Como sabemos o conceito de comunicação sempre está a desenvolver-‐se junto com as novas tecnologias de informação e comunicação, então é em conceito em movimento. Novos documentos de direitos humanos reflectem o desenvolvimento dessas tecnologias e novas demandas sociais em consequência de tal quadro. Por exemplo, os Comentários e resoluções do Comité dos Direitos do Homem da ONU; HRC/20/L.13 (2012) e HRC Res/12/16 (2009), bem como resoluções da Assembleia Geral das Nações Unidas, GA Res/66/184 (2012), entre outros dispositivos. A inclusão de considerações sobre as novas tecnologias em provisões e directrizes sobre o direito à privacidade e protecção de dados é um processo paulatino. Por exemplo, na União Europeia, a Directriz de Protecção de Dados de 1995 tem tido adição de várias novas directrizes para seguir os desenvolvimentos técnicos, como comércio online e a Directiva sobre Comércio Electrónico de 2000. O último processo de revisão e proposta de um pacote legislativo, a decisão-‐quadro proposta relativa à protecção de dados pessoais, começou em 2009 e ainda está sujeito a debate e sob consideração.
O novo panorama mediático
As novas tecnologias de informação e comunicação, incluindo páginas de internet, blogs, jornais online, média social, etc. constituem um instrumento valioso de expressão, opinião e associação, já que abrem as possibilidades de receber informação, contribuir e divulgar informação.
As novas médias são, portanto, valiosos instrumentos para a democracia, já que permitem acesso mais abrangente a todo tipo de informação bem como estabelecem uma participação mais ampla de diversos atores e a ampliação do público-‐alvo. Por exemplo, nota-‐se a influencia de indivíduos e suas opiniões por meio de páginas de internet, blogs, comentários, entre outras plataformas. Dessa forma, mais pessoas tem acesso a variadas fontes de opinião, o que dificulta a
manipulação por veículos de comunicação específicos, ou mesmo um grupo mediático.
Porém, ao mesmo tempo que os novos meios de comunicação abrem oportunidades e vantagens, também criam desafios. Um desafio pelos atores no sector de media pode ser a verificação de fontes e informação. Dada a velocidade dos novos meios de comunicação, o fluxo de informações compartilhadas, bem como as proporções de seu conteúdo, jornalistas devem estar atentos às fontes, bem como à verificação da veracidade de tal conteúdo.
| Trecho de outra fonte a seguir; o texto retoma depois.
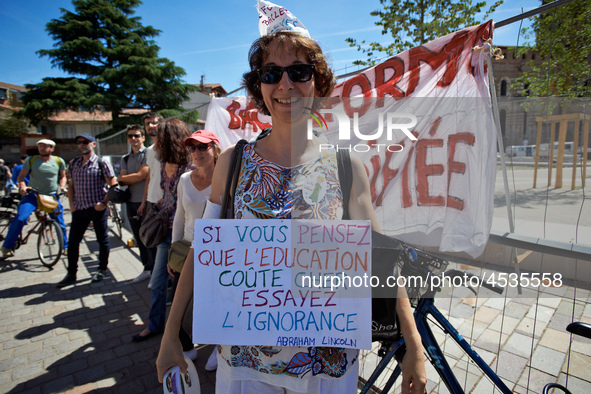 A teacher holds a placrad reading 'If you are thinking that education costs too much, try ignirance !'. Some high school teachers were on st...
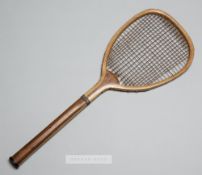 An early flat topped lawn tennis racquet by William et Cie, circa 1885, with copper collar and small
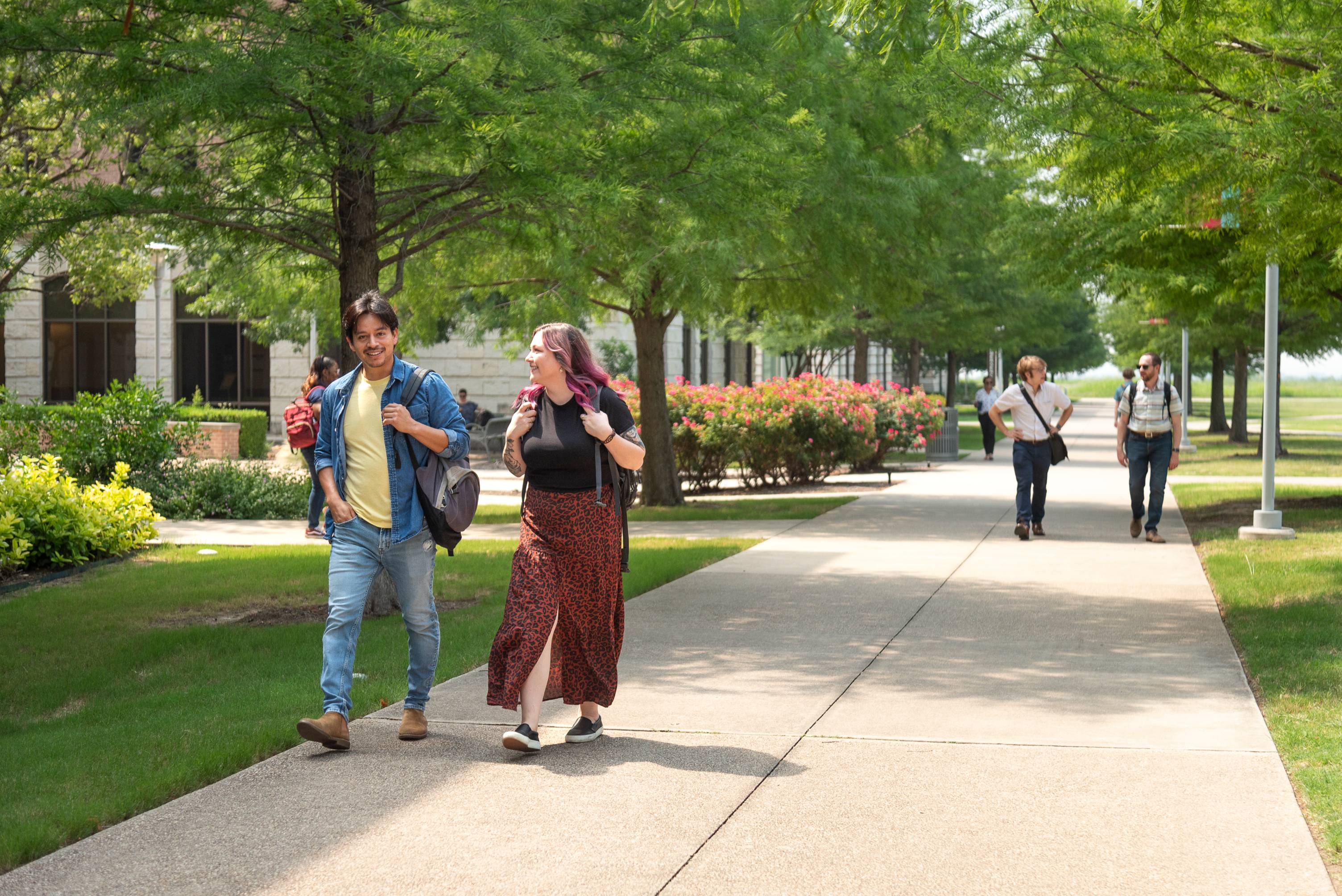 students walking outside on the sidewalk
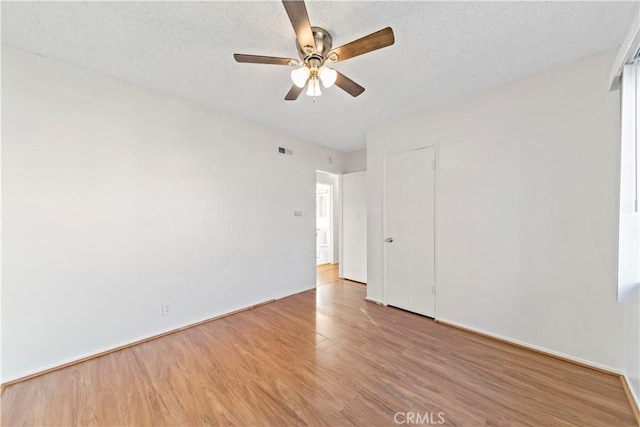 unfurnished room with light wood-type flooring, ceiling fan, and a textured ceiling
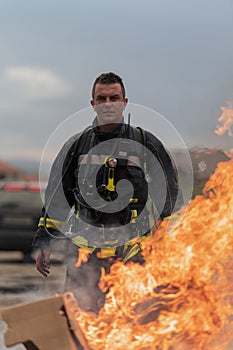 Close-up portrait of a heroic fireman in a protective suit. Firefighter in fire fighting operation.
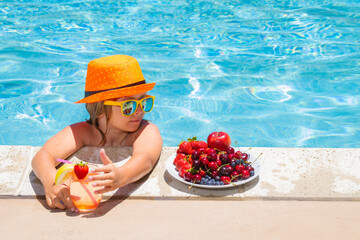 Wall Mural - Child in swimming pool playing in summer water. Vacation and traveling with kids. Summer fruits for children.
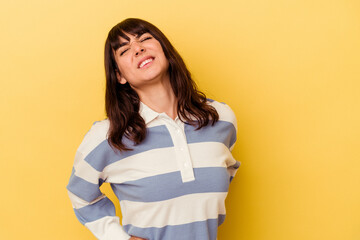 Young caucasian woman isolated on yellow background suffering a back pain.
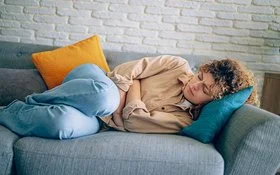 Eine junge Frau liegt auf dem Sofa und hat Endometriose-Beschwerden.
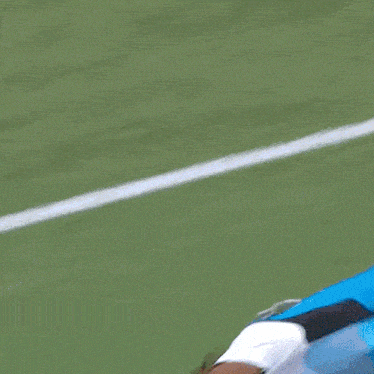 a man in a blue shirt and white shorts is playing soccer on a field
Outros desafios na profissão dos jornalistas podem ser a protecção de fontes, a garantia de qualidade com um ritmo de trabalho acelerado, além do dever de retirar ou editar informação publicada.
Em relação ao papel de editores, os desafios incluem a verificação de fontes e informação transmitidas em segunda ou terceira mão, a responsabilidade por comentários e debates em páginas de internet ou jornais online, e a possibilidade de retirar ou editar informação publicada.
Em conclusão,
Como é um sector submetido a desenvolvimentos tecnológicos contínuos, é importante ter conhecimento sobre os novos meios e plataformas de comunicação e seu uso. Os conflitos com o direito à privacidade resultam de tal processo e as respostas do Direito Internacional devem estar em consonância com avanços tecnológicos e demandas sociais.
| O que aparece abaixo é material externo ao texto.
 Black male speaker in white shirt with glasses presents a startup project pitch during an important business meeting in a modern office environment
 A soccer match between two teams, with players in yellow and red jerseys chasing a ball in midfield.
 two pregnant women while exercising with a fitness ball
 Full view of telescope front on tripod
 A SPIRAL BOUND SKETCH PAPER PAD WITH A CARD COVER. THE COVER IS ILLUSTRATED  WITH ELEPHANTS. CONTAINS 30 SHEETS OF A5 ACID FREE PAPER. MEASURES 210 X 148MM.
As novas tecnologias de informação e comunicação oferecem uma plataforma muito valiosa para a liberdade de expressão, acesso à informação e contribuições por mais contribuidores.
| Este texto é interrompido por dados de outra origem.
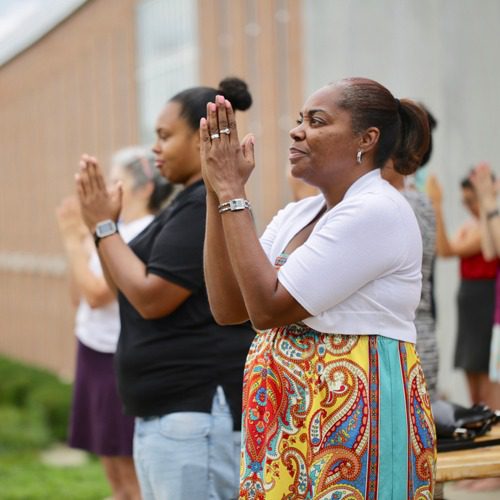 Women with their hands together in front of their faces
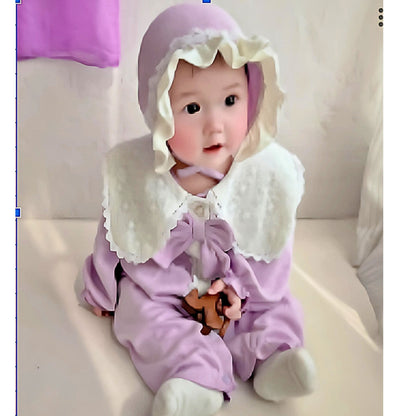 Soft lavender romper for baby girls from Ju Ju Jam, featuring a cozy design and a matching cap for a stylish and comfy outfit.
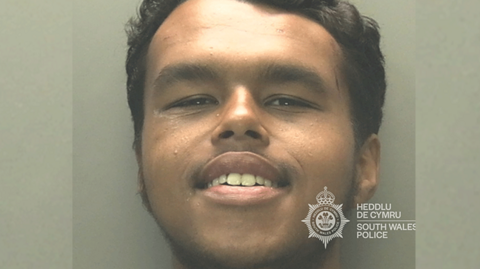 Custody photo of Rasheed Jama smiling towards the camera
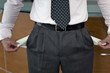 Businessman pulling out empty pockets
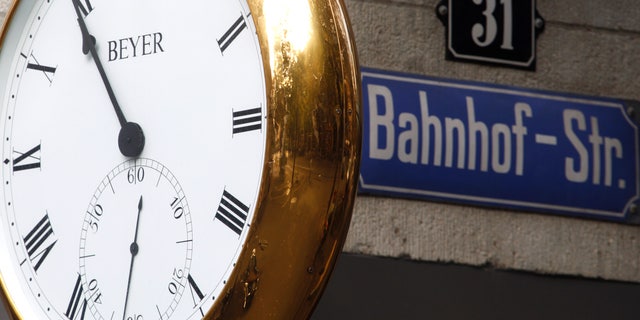 A clock displays the time on the facade of a jewellery and watch shop at Bahnhofstrasse in Zurich October 3, 2011.
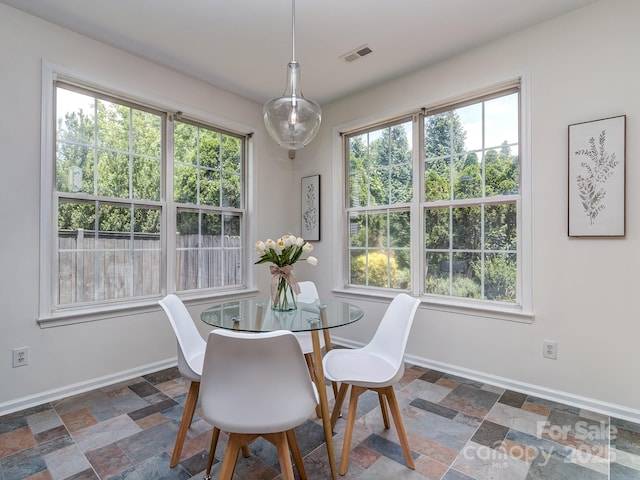 3066 Orion Dr, Fort Mill, SC 29707 - dining area featuring baseboards and stone finish flooring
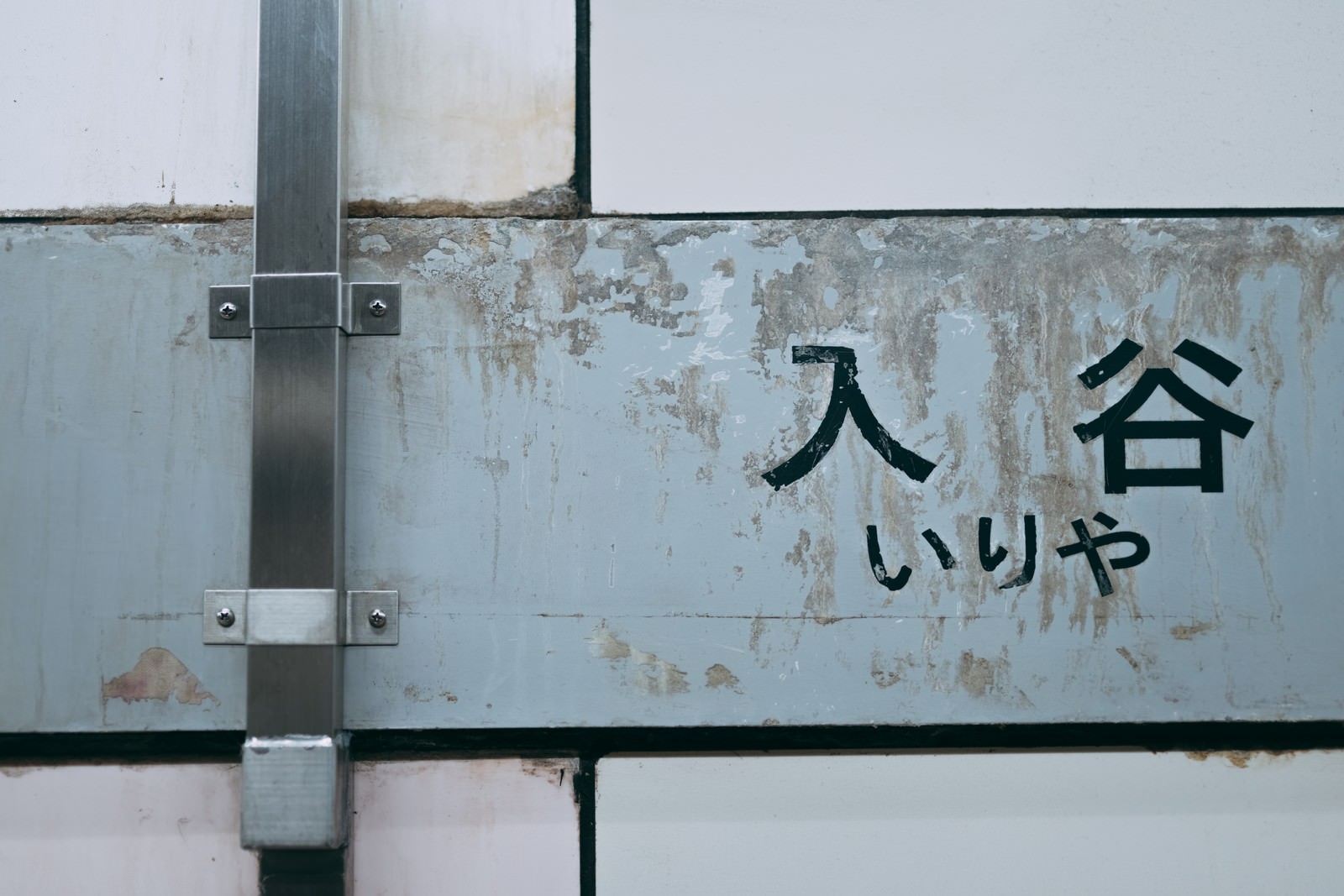 白い背景に青い文字で入谷と書かれた看板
Entretanto, o novo panorama mediático exige novas tarefas e maneiras de trabalhar pelos jornalistas e os editores. Nesse sentido, é importante que profissionais desse sector e outros atores sociais estejam cientes de seu papel e das consequências de suas acções, a fim de desenvolver práticas que combinem e balancem a ampla disseminação de informações e o respeito do direito à privacidade daqueles envolvidos.